# Are hydrometers different?



## Wannabe (Feb 22, 2011)

Is there a difference between a wine hydrometer and one for beer?


----------



## Julie (Feb 22, 2011)

No, my husband makes beer and we go back and forth with the hydrometer but heaven help me it I would use his carboy or bottling bucket for my wine!


----------



## Wannabe (Feb 22, 2011)

Thanks. I was just wondering because the one I'm using looks quite different from the ones I've seen on-line. Just thought there might be a difference


----------



## Dugger (Feb 22, 2011)

There is another type of hydrometer for high alcohol spirits - they're called a proof and traille ( sp?) hydrometer and are different from a wine/beer one.


----------



## Wannabe (Feb 22, 2011)

This one is similar to most I've seen but then the weighted end is a little different. Instead of smooth and then pointed on the end like a bullet, it's different. The end has a narrow section and then flares out to the same diameter as it was before. Hard to describe but it looks a bit like you took one of the others and tied a string around the end and squeezed really hard.

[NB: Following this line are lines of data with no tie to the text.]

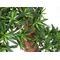EUROPALMS Bonsai-Palmenbaum, Kunstpflanze, 180cm
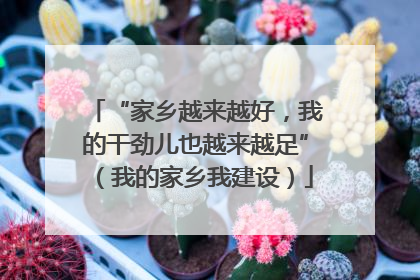 “家乡越来越好，我的干劲儿也越来越足”（我的家乡我建设）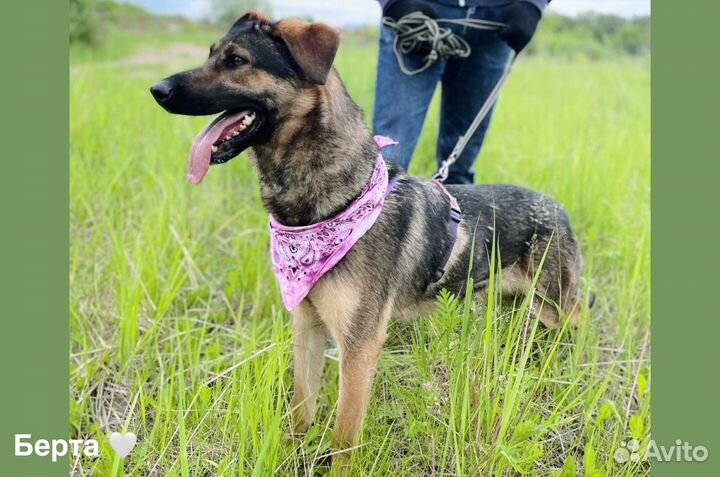 Берта живет в приюте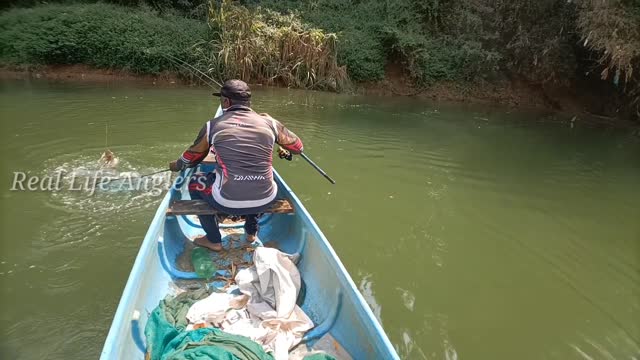 Snakehead Fishing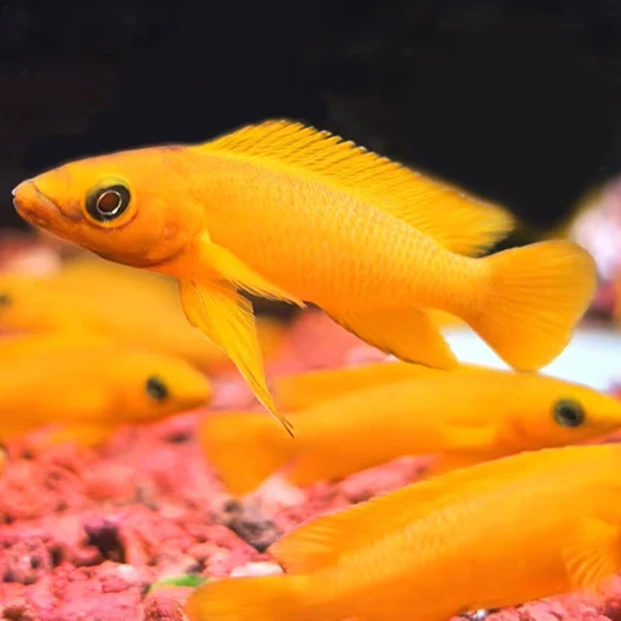 小型热带观赏鱼 黄金天堂鸟 草缸搭色好养易活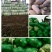 大白菜货源足质量好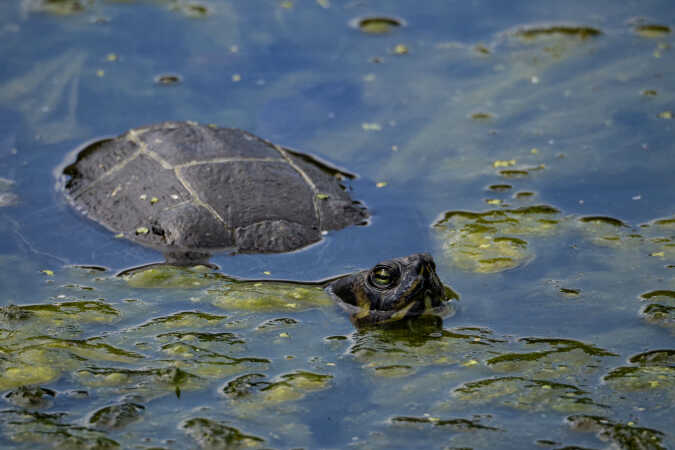 Skildpadde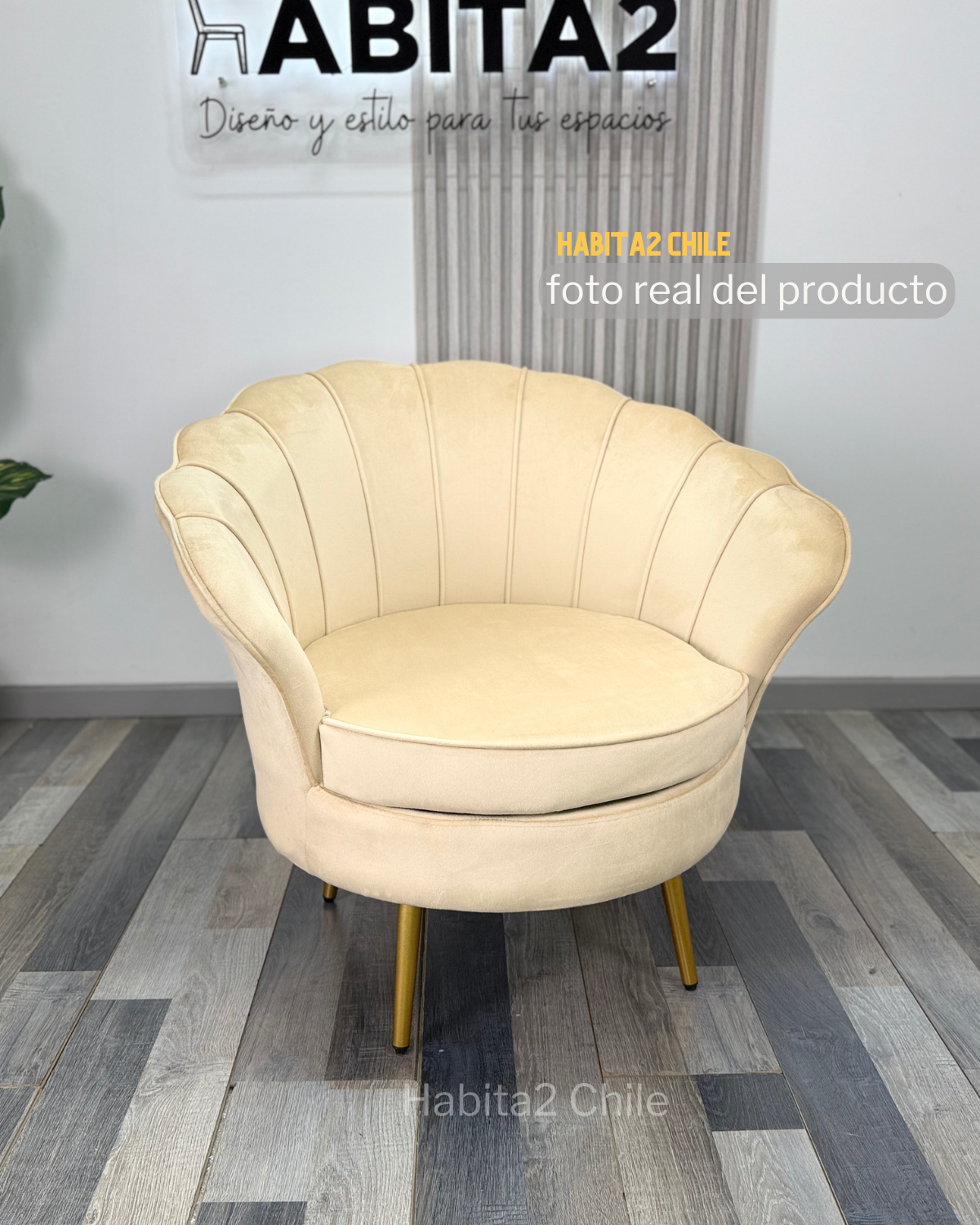 Poltrona Shell Felpa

Sort of hourglass shaped and then round on the end instead of pointed.


----------



## Wade E (Feb 22, 2011)

There are a few different hydrometers out there. Some are triple scale and some are not. I think there are 3 or 4 different kinds before we even get into the ones just for high abv which will not work in beer or wine nor vice versa.


----------



## Wade E (Feb 22, 2011)

Then there is the Thermo hydrometer which is what I use and love it!


----------



## djrockinsteve (Feb 23, 2011)

There are different hydrometers and within the same brand/kind they tend to read slightly different from each other. Can't calibrate them. But consistancy is what's important.

Luc did research and testing on hydrometers. You could search this forum or visit his site to read about it. Very interesting.


----------